With the addition of a new manufacturing plant in Pine River to help keep up with production, this spring and summer seemed like the perfect time to bring on a new mechanical engineering/drafting intern.

Since 2015, Voyager has hired several students though the SciTech Internship Program, a free, state-funded resource that makes finding and paying interns easier for small business owners. On top of the wage reimbursement they receive (up to $2,500 per student), the team at Voyager looks to these opportunities as a reliable way to strengthen their workforce.

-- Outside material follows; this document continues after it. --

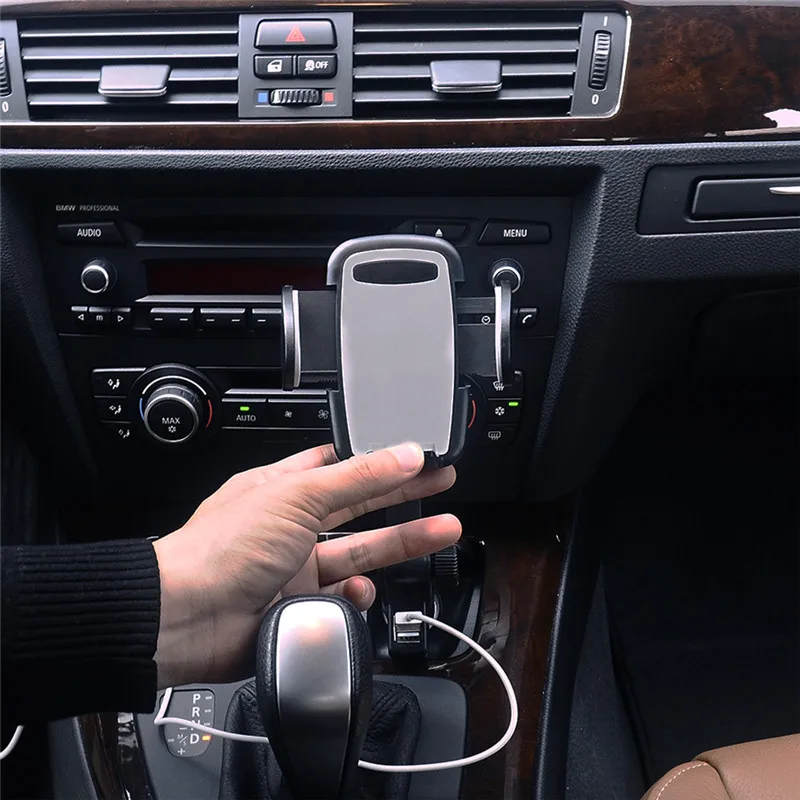 Портативный автомобильный держатель для телефона автомобильное зарядное устройство двойной USB порт кронштейн вентиляционное отверстие крепление прикуриватель подставка автомобильные аксессуары Орнамент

“One of the benefits of an internship is it gives us a chance to train, and it gives them a chance to learn about the industry,” said Voyager’s HR Manager Naomi Sands. As a result, “we’ve had great success with long term employment.”

An arsenal of experience
This year, Voyager found more than they could ask for in Jared Stine, who after working in the manufacturing industry for 8 years as a welder, machinist, and fabricator decided to enroll in the Mechanical Drafting, Design, & Engineering program at Alexandria Technical and Community College.

“Jared’s experience with welding was a plus,” said Balbach. “I’ve never production-welded, but he’s come from the real world of meeting customer demands and meeting run times. He was able to contribute to the team right away.”

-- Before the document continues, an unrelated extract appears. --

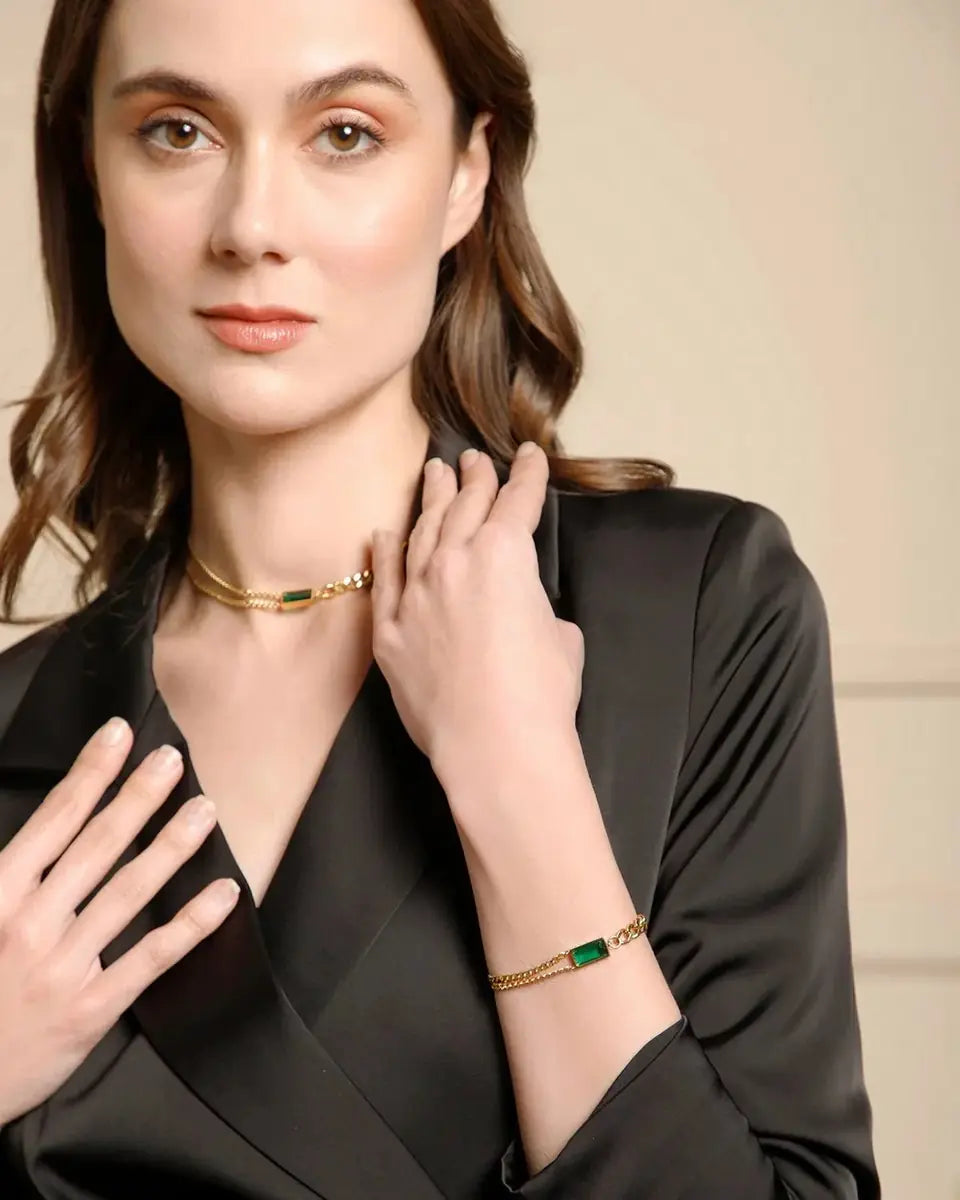 Green Stone Bracelet – Gold Plated by GOSARTE – product view 5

Stine’s industry experience provided him with a unique perspective and a strong foundation for his growth at Voyager. “Having that manufacturing background, I was able to see the end product in my head before completing it. Just having that mental visualization really helps,” Stine said. “Most companies are looking to increase speed, numbers and accuracy. Once you’ve been involved in building something, you know where you can save a little time and what makes things easier when designing fixtures.” 

Looking to be challenged
Since starting in March, Stine has helped manufacture at least three different fixtures, fine-tuned a few design projects, and worked closely with one of Voyager’s robotic welders. When assessing a mount fixture, Stine came up with a new design that enabled the robot to weld four mounts at a time instead of one, significantly increasing the machine’s efficiency.

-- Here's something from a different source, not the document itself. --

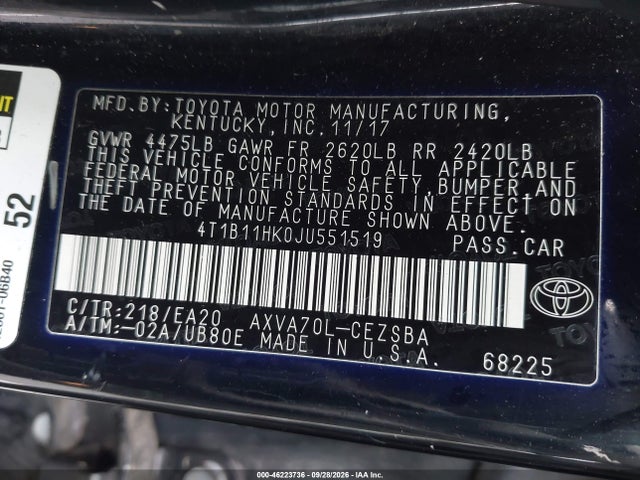Aukcja sprzedaży 2018 Toyota Camry Se, vin: 4T1B11HK0JU551519, numer aukcji: 46223736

Finding clever ways to fix and improve things, Stine said, “is one of my favorite things about working here. It’s why I wanted to go back to school, I was looking for that challenge. I like being able to use my problem-solving skills and any time I can better a part or make it easier for the guys on the floor who are building that stuff. Coming from that background, it’s fun knowing that you’re helping them out too.”